Loosely speaking, these are égalité and liberté, respectively. But (1) immediately draws attention: what constitutes a human life? It is obvious that this is a matter of tremendous division in America. Abortion, the rights of women, the limitations of privacy, all are rooted in the following question: does the fetus have the rights of a person? Dworkin does not think so (p.79). He cites and agrees with the Supreme Court in Roe v. Wade, placing the status of the fetus under the principle of individual choice, namely principle (2). But this conflicts massively with the conservative Christian interpretation of (1). In short, these principles, applied in such a manner, cannot be basic for religious conservatives. And yet Dworkin sees no conflict between (1) and (2) (p.11). But any such consistency cannot be assumed as a unifying truth. (For an issue of such passion as abortion, Dworkin's treatment is awfully thrifty.) Because of such applications, the fact that (1) logically includes both the pro-choice and pro-life positions does not make it a unifying principle. Our left and right simply do not agree on the nature of human dignity.
This is not the only blow against Dworkin's project, but it is a severe one. The actual weighing and application of these principles, basic though might seem, undermines their common status. As an analogy, nearly everybody claims to believe in free speech, but the free speech of Westboro Baptist Church or Pastor Terry Jones remains divisive. Nearly everybody supports cutting taxes and spending, but relatively few wish to cut any particular spending.

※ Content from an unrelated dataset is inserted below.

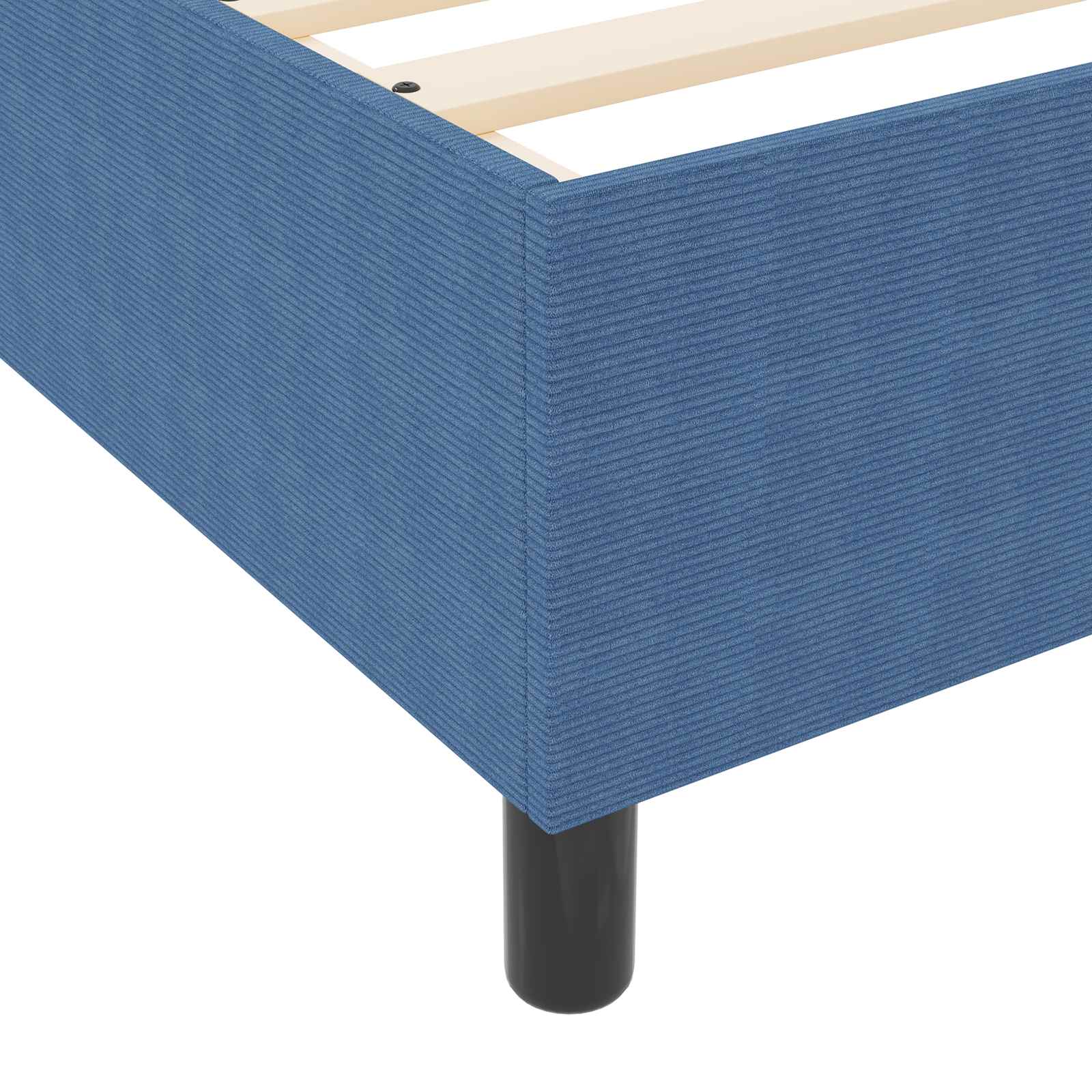 Cama de plataforma Azul 100 x 200 cm Tela de Pana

This aside, Dworkin writes clearly and argues well, if incompletely. He is an unapologetic liberal professor - again, good luck on that unity business - and the book is excellent reading for the vacillating, cringing liberal of today. Dworkin shows that liberals can take the principled road. But I needed no convincing on these scores.
Dworkin wants to start an argument. Excellent, but I fear that the search for common principles is vain until we repair other features of our democracy. The sorry state of the press comes to mind. And as Bertrand Russell noted decades before and others have noted since, press reform is secondary to political reform. But how is political reform possible? Indeed, the only serious avenues are themselves `divisive', and propaganda - particularly from the business sector - has ensured that this is the case. As Dworkin notes, "Americans are horribly misinformed and ignorant about the most important issues" (p.128). But I think the problem runs deeper than Dworkin suspects: it is not only that people are marginalized and ignorant; they simply do not think in principled ways. Why should they? There is no well-represented way to do so.
Apart from seeking common principles and defending liberalism, Dworkin presents a decent outline on conceptions of democracy. He discusses the failures in our present system and presents concrete proposals for reform. But again, the system is highly resistant to reform; Dworkin and I share a pessimism on this matter. But then the problems remain! As Dworkin states, "I have called for argument in this book, and you may think that I have now, at the very end, fallen back only on faith. You may be right. But argument is pointless without faith in those with whom you argue" (p.164).
For now, I feel sadly obligated to pointlessness. I fear that the rationalist, secular left has to bludgeon the opposition into submission through the crude weight of votes, through manoeuvrings and tactics. We have to tame religion and shut down corporate propaganda; we cannot change the absolutist mind. Perhaps someday we'll find our common principles which may at least make our differences commensurable; my political opponents are decent human beings with concerns similar to my own, after all. But I feel like we must still rely on progressive stand-bys: we need better education. We need people who know how to think in a principled manner. We need a continuation of the Enlightenment. We require wholly different circumstances. And we are so far away.